-- Problem details --
Transcribe the records below exactly as they appear, omitting any pictures.
==========
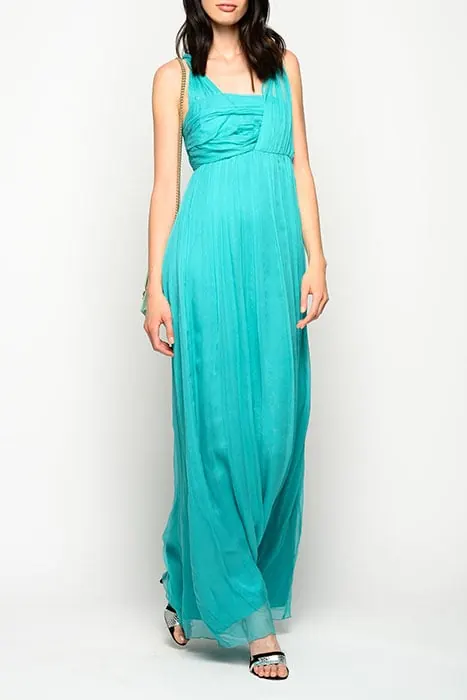 PINKO Charlotte 1 Abito Creponne Di Light Blue Maat: 38 | Maxi Jurken Outlet | Dames | Blauw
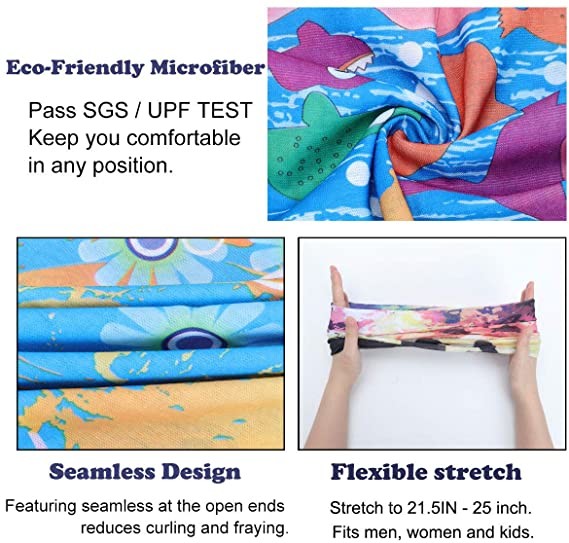 Funny Printed Tubes Folded Face Cover Neck Multifunctional Bandanas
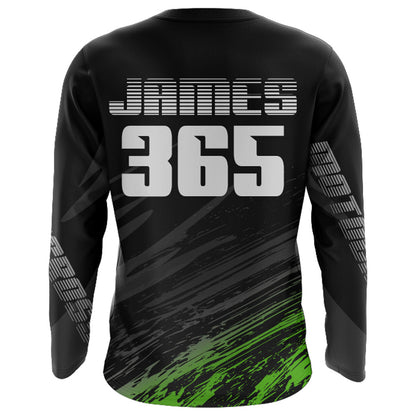Motocross Racing Jersey Green Black UPF30+ Youth Dirt Bike Shirt Men Kid Off-road Shirt XM181
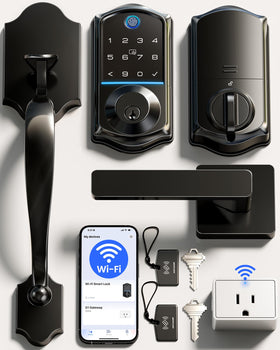 Veise VE017G-H front door lock in matte black for secure entry.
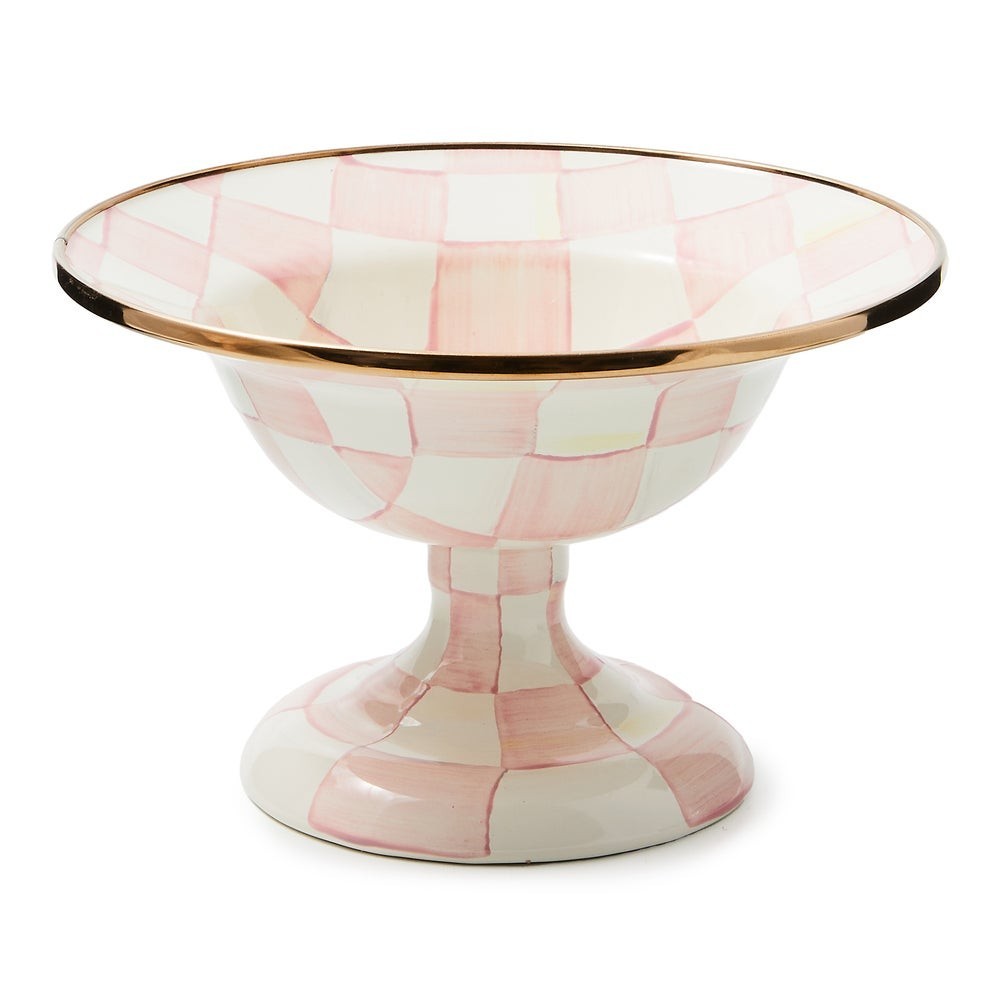 Mackenzie Childs Rosy Check pink compote bowl 10 oz. 7.5″ dia. 5″ T NEW in box!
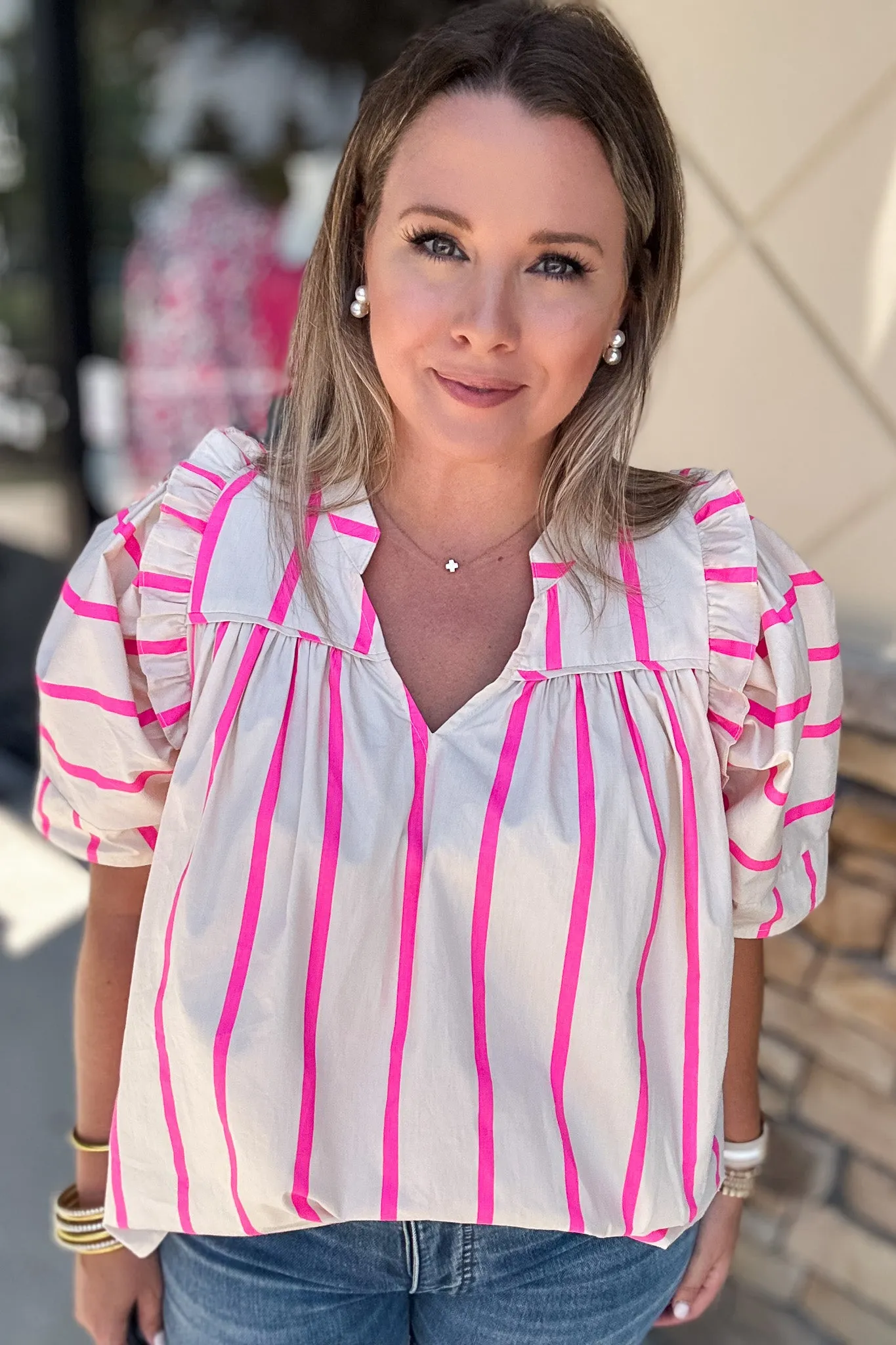 Cream And Pink Stripe Ruffle Top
==========
-- Solution for this problem --
 PINKO Charlotte 1 Abito Creponne Di Light Blue Maat: 38 | Maxi Jurken Outlet | Dames | Blauw
 Funny Printed Tubes Folded Face Cover Neck Multifunctional Bandanas
Motocross Racing Jersey Green Black UPF30+ Youth Dirt Bike Shirt Men Kid Off-road Shirt XM181
 Veise VE017G-H front door lock in matte black for secure entry.
 Mackenzie Childs Rosy Check pink compote bowl 10 oz. 7.5″ dia. 5″ T NEW in box!
 Cream And Pink Stripe Ruffle Top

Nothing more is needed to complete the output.